Euro, meanwhile, managed to avoid a correction during its recent rally in its fight against the US dollar and has forced analysts to be even more positive in their short-term predictions for EURUSD.
Below we take a closer technical view of the respective charts, trying to guess Sterling and Euro’s direction. And right off the bat, it doesn’t look good for the British Pound.
Sterling fell and traded for 1.13 Euros the previous week after hitting a high at 1.142.
Sterling’s weakness came from a whole lot of underperforming PMI reports initially, that missed forecasts which were already negative in the first place. To cap it off, Manufacturing, Industrial and Construction Production sectors all reported contracting figures on Friday, while the swelling UK’s trade deficit sealed Pound’s fate. And if all that wasn’t enough, UK house price growth hit a four-year low!
With so many discouraging data for the UK economy in a single week, it’s a miracle GBPEUR didn’t collapse below 1.13 against Euro!

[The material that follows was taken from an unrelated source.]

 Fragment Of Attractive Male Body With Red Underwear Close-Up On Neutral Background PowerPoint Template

Perhaps, this is another proof of how much politically-driven Sterling is, given the impact politics had on the British currency in the past. Having been used to huge volatility caused by elections, Brexit negotiations and politics in general in the previous months, we’ve come to expect similar price action due to the below-par UK data. And it’s not just positive data that simply missed forecasts, but data showing UK economy is contracting more than expected!

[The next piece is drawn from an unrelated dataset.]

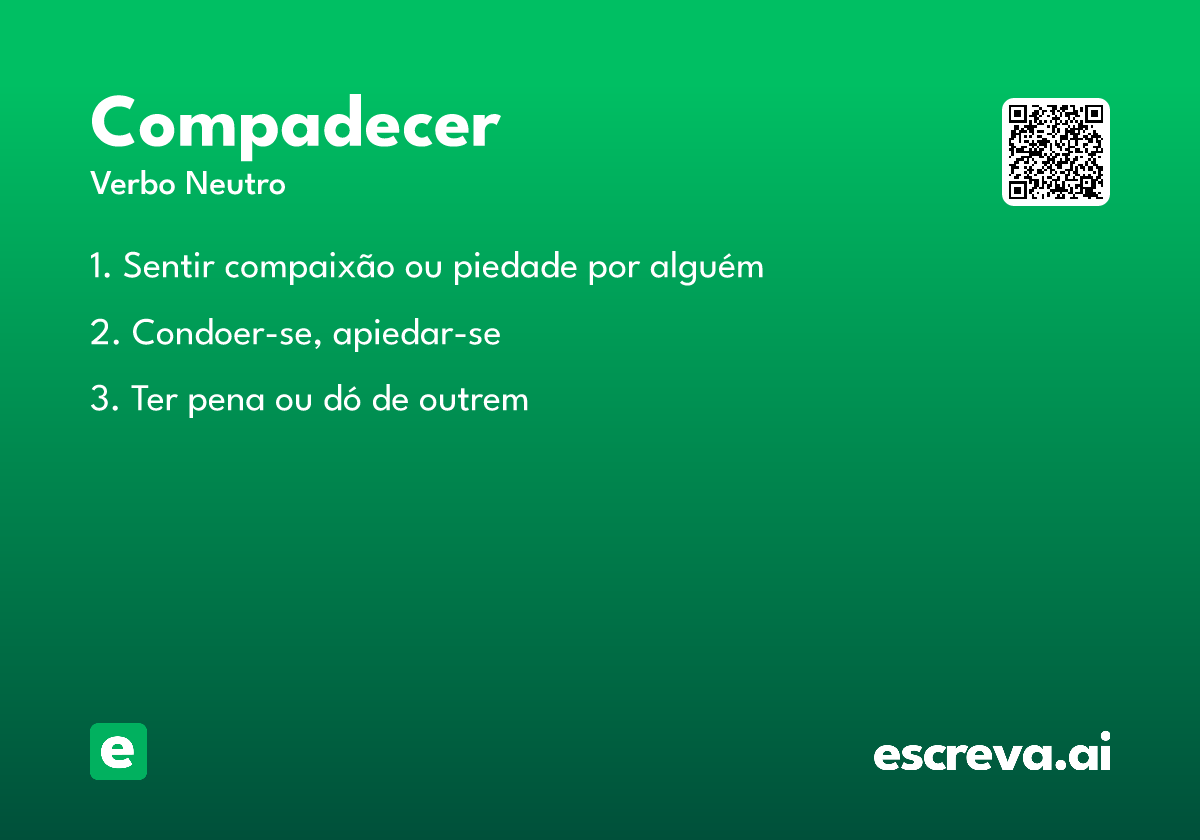 compadecer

This week, employment data is on schedule and average earnings are forecast to rise 1.8%. If that comes anything worse following the current trend in UK data releases, GBPEUR will probably dive below 1.29, setting up for a fall towards 1.10. Yet, even if the estimates are proven correct, there’s so much negativity circulating the British Pound lately, that GBP investors may eventually give up supporting the single currency and sellers take total control of the already bearish market.
It would need a really positive development for GBPEUR to escape the consolidating phase of 1.13-1.14 and rise, but this week shouldn’t provide one most likely. In fact, it poses to make things worse for Sterling.
Euro closed almost unchanged at 1.14 against the US dollar last week, dropping to 1.131 mid-week before Friday.
Euro, which has been rallying against the US dollar throughout 2017, is expected to slow down at 1.14 and might even reverse its course due to the strong resistance level established there. EURUSD last traded above that level for more than a month about 3 years ago and has tested 1.16 only twice since 2015. Still, the recent rally and strong Eurozone data has lately made analysts dare talking of a rise to 1.16 again. And to think that Euro traded for less than 1.04 USD only 6 months ago, those are mighty bold predictions.
Should Euro advance this week and appreciate significantly, it will not only penetrate the resistance level against the dollar, but put another nail in the weakening Sterling’s coffin, that will seriously struggle to keep above 1.13 as discussed above. And for that to happen, Eurozone’s economy just needs to continue releasing positive data or ECB to keep up with the hawkish tone. Something that they are both too accustomed to do recently!